Lecture du mercredi 3 juillet 2019
REPUBLIQUE FRANCAISE

AU NOM DU PEUPLE FRANCAIS



Vu les procédures suivantes :

1° La société Driveaway Holidays a demandé au tribunal administratif de Montreuil de prononcer le remboursement de la taxe sur la valeur ajoutée ayant grevé des prestations qui lui ont été facturées par des sociétés françaises de location de véhicules en 2012. Par un jugement n° 1310008 du 20 janvier 2015, le tribunal administratif de Montreuil a rejeté sa demande.
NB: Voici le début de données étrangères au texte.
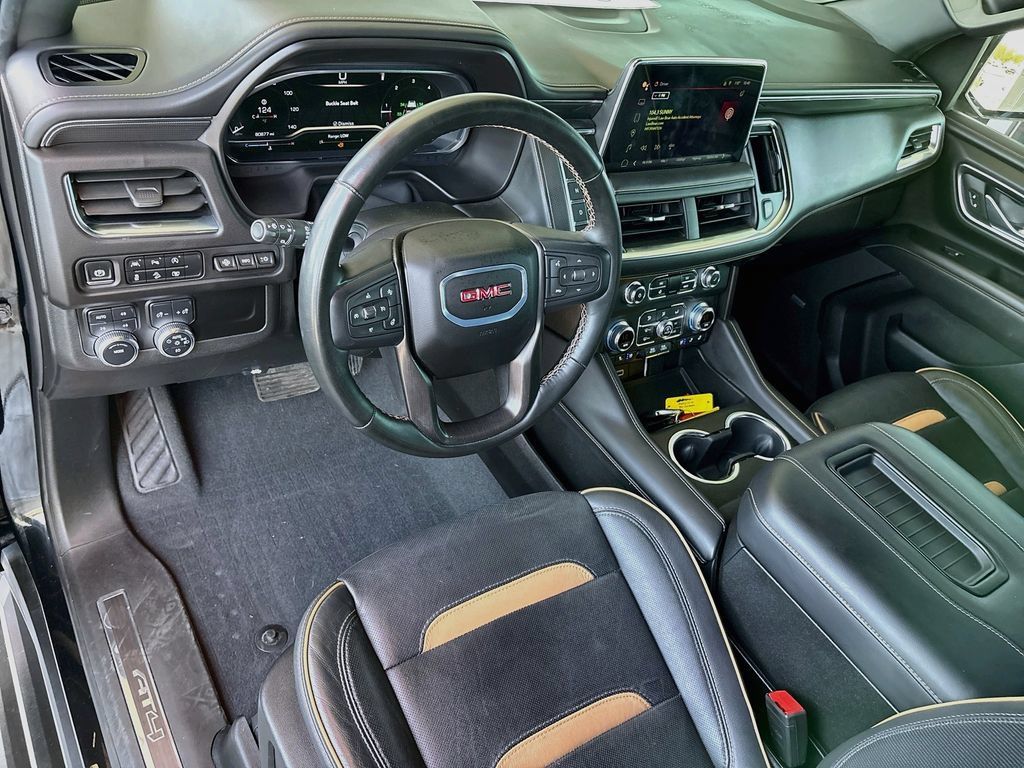 Used 2024 GMC Yukon AT4 w/ Technology Package AWD/4WD image 9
Par un arrêt n° 15VE01545 du 7 décembre 2017, la cour administrative d'appel de Versailles a rejeté l'appel formé par la société Driveaway Holidays contre ce jugement.

Sous le n° 417950, par un pourvoi sommaire et un mémoire complémentaire, enregistrés les 7 février et 7 mai 2018 au secrétariat du contentieux du Conseil d'Etat, la société Driveaway Holidays demande au Conseil d'Etat :

1°) d'annuler cet arrêt ;

2°) réglant l'affaire au fond, de faire droit à son appel ;

3°) de mettre à la charge de l'Etat la somme de 7 000 euros au titre de l'article L. 761-1 du code de justice administrative.


2° La société Eurocar Vacances Inc. a demandé au tribunal administratif de Montreuil de prononcer le remboursement de la taxe sur la valeur ajoutée ayant grevé des prestations qui lui ont été facturées par des sociétés françaises de location de véhicules en 2012. Par un jugement n° 1310700 du 20 janvier 2015, le tribunal administratif de Montreuil a rejeté sa demande.

Par un arrêt n° 15VE01550 du 7 décembre 2017, la cour administrative d'appel de Versailles a rejeté l'appel formé par la société Eurocar Vacances Inc. contre ce jugement.

Sous le n° 417951, par un pourvoi sommaire et un mémoire complémentaire, enregistrés les 7 février et 7 mai 2018 au secrétariat du contentieux du Conseil d'Etat, la société Eurocar Vacances Inc. demande au Conseil d'Etat :

1°) d'annuler cet arrêt ;

2°) réglant l'affaire au fond, de faire droit à son appel ;

3°) de mettre à la charge de l'Etat la somme de 7 000 euros au titre de l'article L. 761-1 du code de justice administrative.



....................................................................................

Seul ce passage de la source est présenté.